A controversial study has demonstrated the possibility that genetic material from SARS-CoV-2 – the virus that causes COVID-19 – could integrate into our genome. The paper, published in Proceedings of the National Academy of Sciences (PNAS), perhaps provides an explanation as to why people who have recovered from COVID-19 can still test positive for the virus months later. It also builds on the findings of a much-disputed preprint by the same authors, which was released in December 2020.
The said preprint received a fair amount of skepticism from within the scientific community, with many branding it ‘dangerous’ amid fears it could spark concern that messenger RNA (mRNA)-based vaccines could alter human DNA. The authors have, however, stressed that neither set of results – preprint or PNAS – suggest this.
Subsequent preprints by other researchers have picked holes in the methodology used; one preprint illustrated that the integration of viral DNA reported in the study was likely introduced by the very technique used to detect it, and was not, in fact, a genuine integration by reverse transcription – the process of synthesizing DNA from an RNA template – as originally suggested.
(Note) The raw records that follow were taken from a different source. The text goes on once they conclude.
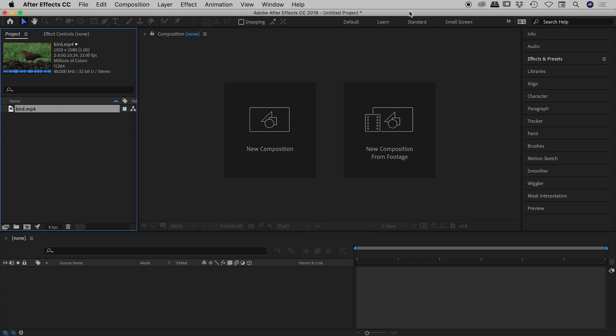We're going to be exploring an option called Collapse Transformations, but first things first I need to set up a little scenario for you. So I have a video here called bird.mp4, it's 1920 by 1080 in size.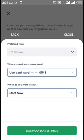We save our new bank settings. That's how we modify our auto-save amount and settings on PiggyVest. Thank you, and see you next time.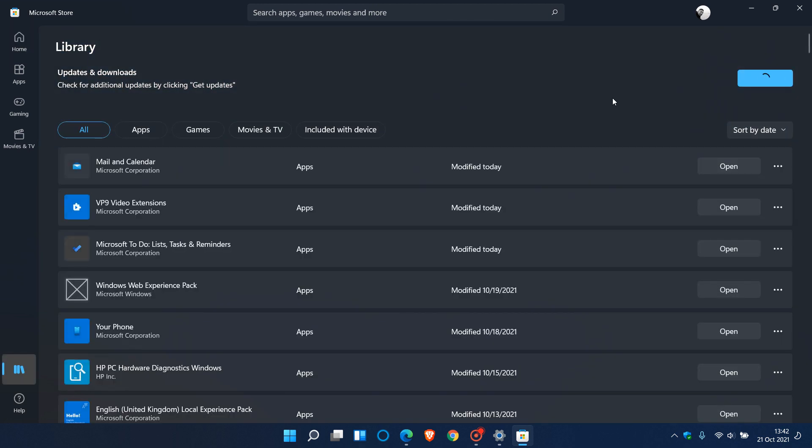If your store is out of date, this will update you automatically to the latest version. Once that's done, search for the Amazon App Store and download it to get started.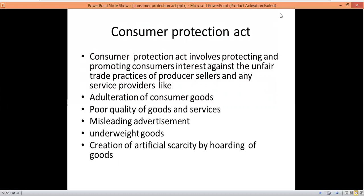Other unfair trade practices include underweight goods and the creation of artificial scarcity. Artificial scarcity means goods are hoarded to increase demand, and then sold at a higher price. The Consumer Protection Act works to stop all these unfair trade practices.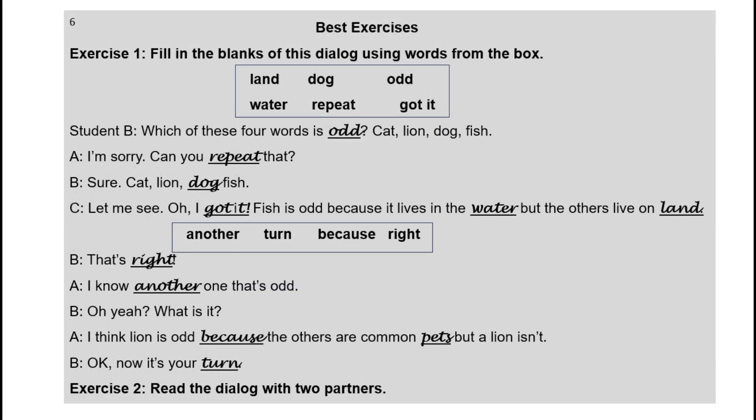So after filling in the blanks, their exercise one will look like the completed dialogue. Then they do exercise two, in which they read their dialogues to two partners.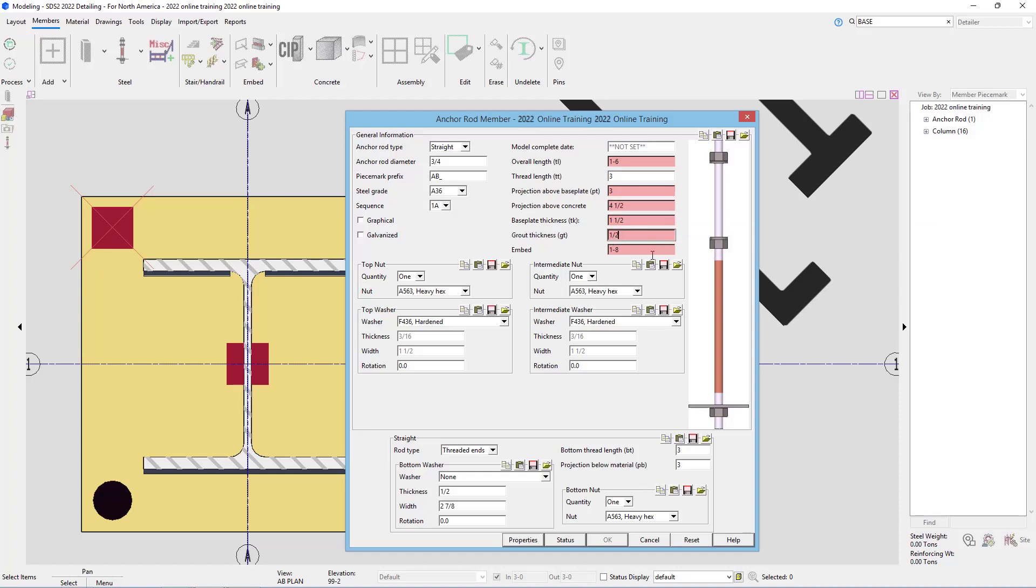And then the grout thickness, in this case maybe if I zero that out, we can see it takes some of those fields out or makes those not pink. And then our embed length, so that's going to be from the bottom of the base plate to the bottom of the anchor rod.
Rudolf Jaenisch, PhD, and Richard Young, PhD, biology professors at the Whitehead Institute and the Massachusetts Institute of Technology, who led the work, have acknowledged and countered these criticisms. The team used three different sequencing techniques to determine whether SARS-CoV-2 RNA could be integrated into the human genome in culture, via reverse transcription, and all three approaches found evidence that it was possible. DNA copies of the viral RNA were present in the host-cells genome and were found to have been integrated by a LINE1-mediated mechanism. LINE-1 elements make up 17 percent of the human genome and are the genetic sequences that encode reverse transcriptase, the enzyme responsible for reverse transcription.
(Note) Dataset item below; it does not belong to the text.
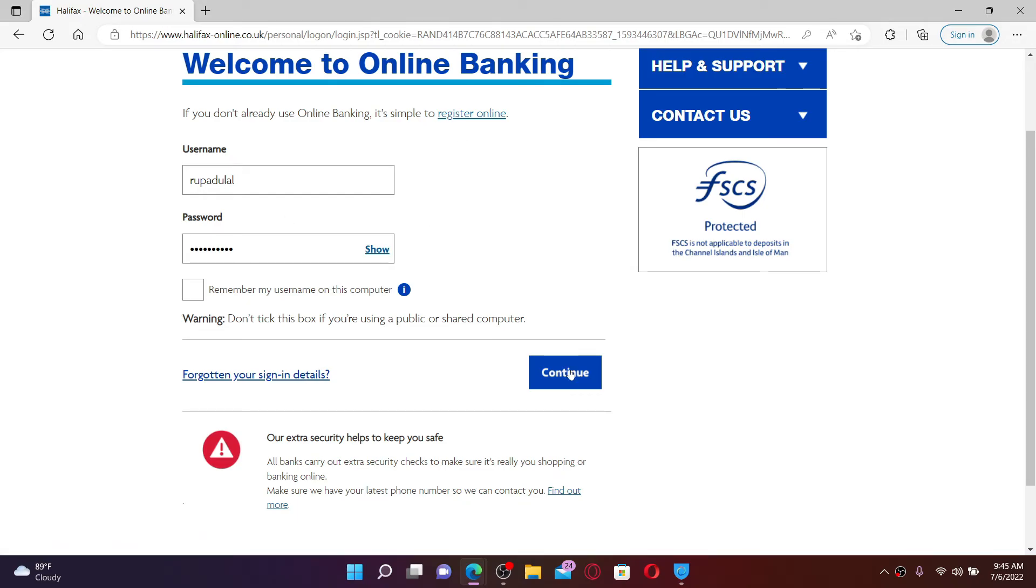After entering your credentials, click the continue button and you'll be able to log into your Halifax online banking account quick and easy without delay.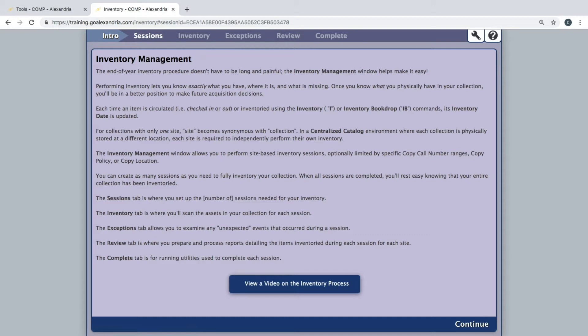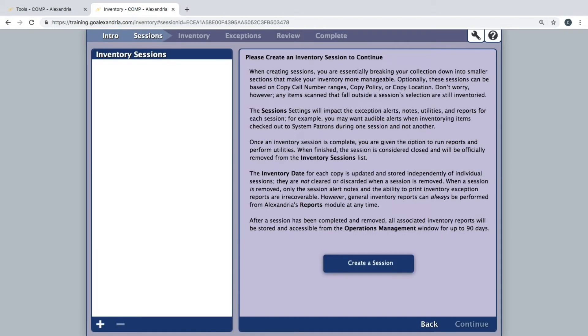To get started, click continue at the bottom right to go to the sessions tab. This is where you will be creating inventory sessions. These sessions break up your collection and make performing inventory more manageable. However, you do have the option of inventorying your entire collection in one session.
While these results seem to back up the original hypothesis, that a SARS-CoV-2 DNA fragment can be integrated into the human genome via reverse transcription, it should be mentioned that approximately 30 percent of the integrated viral DNA was missing a LINE-1 recognition site. It is possible, therefore, that another method may be responsible for the integration.
As for the clinical relevance of these findings, evidence of integration in patients is yet to be seen. However, the team do report SARS-CoV-2 integration in tissue from living and autopsied COVID-19 patients: “Importantly, such chimeric transcripts are detected in patient-derived tissues,” they write. “Our data suggest that, in some patient tissues, the majority of all viral transcripts are derived from integrated sequences. Our data provide an insight into the consequence of SARS-CoV-2 infections that may help to explain why patients can continue to produce viral RNA after recovery.”
Further research is needed as to the effect potential integration could have on the course of the disease, and also the implications this might have for other disease-causing RNA viruses, such as dengue and influenza virus.